- Lodi Township, Minnesota Location within the state of Minnesota Lodi Township, Minnesota Lodi Township, Minnesota (the United States)
- Coordinates: 43°33′2″N 92°36′59″W﻿ / ﻿43.55056°N 92.61639°W
- Country: United States
- State: Minnesota
- County: Mower

Area
- • Total: 35.6 sq mi (92.3 km^{2})
- • Land: 35.6 sq mi (92.3 km^{2})
- • Water: 0 sq mi (0.0 km^{2})
- Elevation: 1,348 ft (411 m)

Population (2000)
- • Total: 249
- • Density: 7.0/sq mi (2.7/km^{2})
- Time zone: UTC-6 (Central (CST))
- • Summer (DST): UTC-5 (CDT)
- FIPS code: 27-37808
- GNIS feature ID: 0664810

= Lodi Township, Mower County, Minnesota =

Lodi Township is a township in Mower County, Minnesota, in the United States. As of the 2000 census, the township population was 249. The largest town contained within the township is Taopi with 93 people. The remainder of the township is unincorporated area.

==History==
Almond Fryer settled on the banks of the Upper Iowa River in section 14 of the township in 1855. The name at the time of surveying was Lodi, but when the township was organized in February 1874 it was called "Belleview," as was the railroad station. Lodi, Italy, the namesake of the township, is a town in Lombardy made famous by a battle that Napoleon fought there.
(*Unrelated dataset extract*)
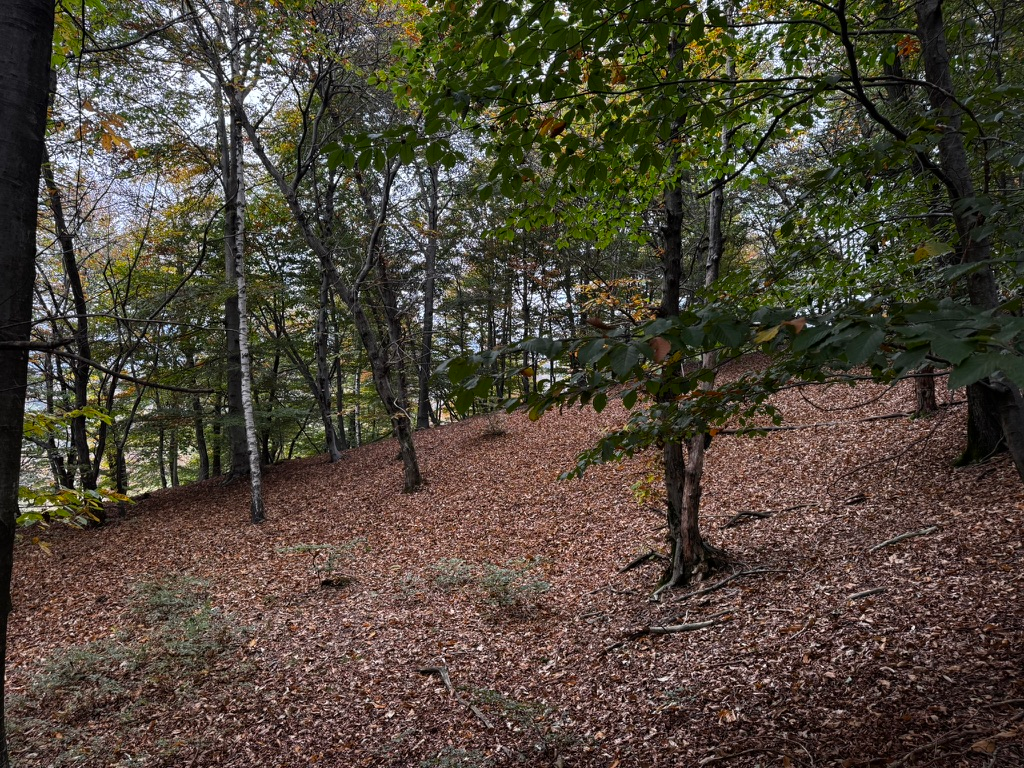 Picture of the woods, with sparse tall trees and the ground covered by brown leaves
At the organizing meeting, the people of the township re-adopted the name Lodi and elected a moderator, a clerk, three judges of the election, a chairman, two supervisors, a treasurer, two justices of the peace, and two constables. The current village of Taopi was started as a corporation in 1875.

==Geography==
According to the United States Census Bureau, the township has a total area of 35.6 square miles (92.3 km^{2}), all land.

==Demographics==
As of the census of 2000, there were 249 people, 85 households, and 73 families residing in the township. The population density was 7.0 PD/sqmi. There were 85 housing units at an average density of 2.4 /sqmi. The racial makeup of the township was 97.99% White, 1.20% African American, and 0.80% from two or more races. Hispanic or Latino of any race were 0.40% of the population.
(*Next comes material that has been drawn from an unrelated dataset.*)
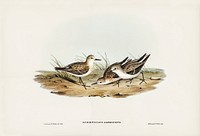 Little Sandpiper (Schoeniclus Aalbescens) illustrated by <a href="https://www.rawpixel.com/search/Elizabeth%20Gould?&amp;page=1">Elizabeth Gould</a> (1804&ndash;1841) for <a href="https://www.rawpixel.com/search/John%20Gould?">John Gould</a>&rsquo;s (1804-1881) Birds of Australia (1972 Edition, 8 volumes). Digitally enhanced from our own facsimile book (1972 Edition, 8 volumes).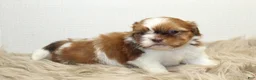 Shih Tzu dogs for sale: Lucy - Ad 7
There were 85 households, out of which 35.3% had children under the age of 18 living with them, 78.8% were married couples living together, 2.4% had a female householder with no husband present, and 14.1% were non-families. 14.1% of all households were made up of individuals, and 4.7% had someone living alone who was 65 years of age or older. The average household size was 2.93 and the average family size was 3.19.

In the township the population was spread out, with 29.7% under the age of 18, 7.2% from 18 to 24, 27.3% from 25 to 44, 20.9% from 45 to 64, and 14.9% who were 65 years of age or older. The median age was 38 years. For every 100 females, there were 114.7 males. For every 100 females age 18 and over, there were 110.8 males.
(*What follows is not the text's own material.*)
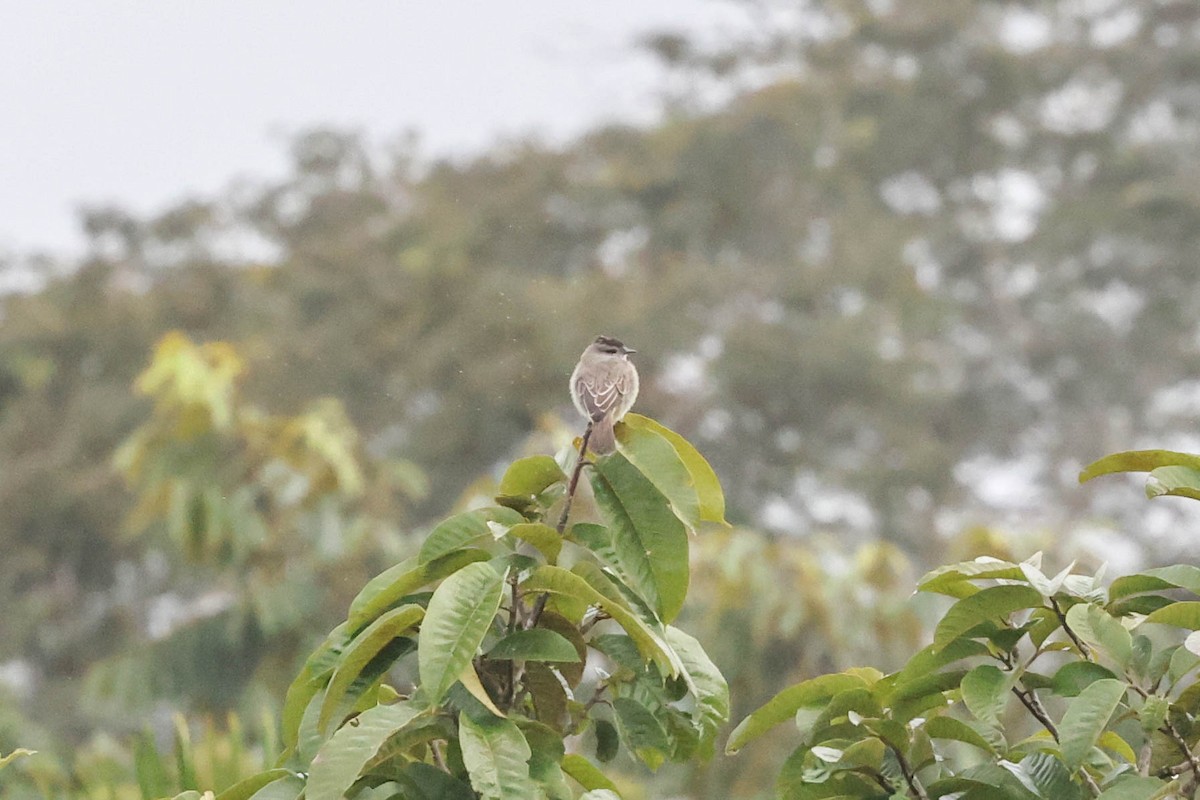 Crowned Slaty Flycatcher - ML556247061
The median income for a household in the township was $45,179, and the median income for a family was $45,714. Males had a median income of $28,125 versus $21,771 for females. The per capita income for the township was $17,504. About 11.8% of families and 12.3% of the population were below the poverty line, including 14.1% of those under the age of eighteen and 13.9% of those 65 or over.

==Cemetery==
- Taopi Cemetery is located in the southeast corner of the southeast quadrant of section 9 of the township. Its oldest known burial dates to 1877.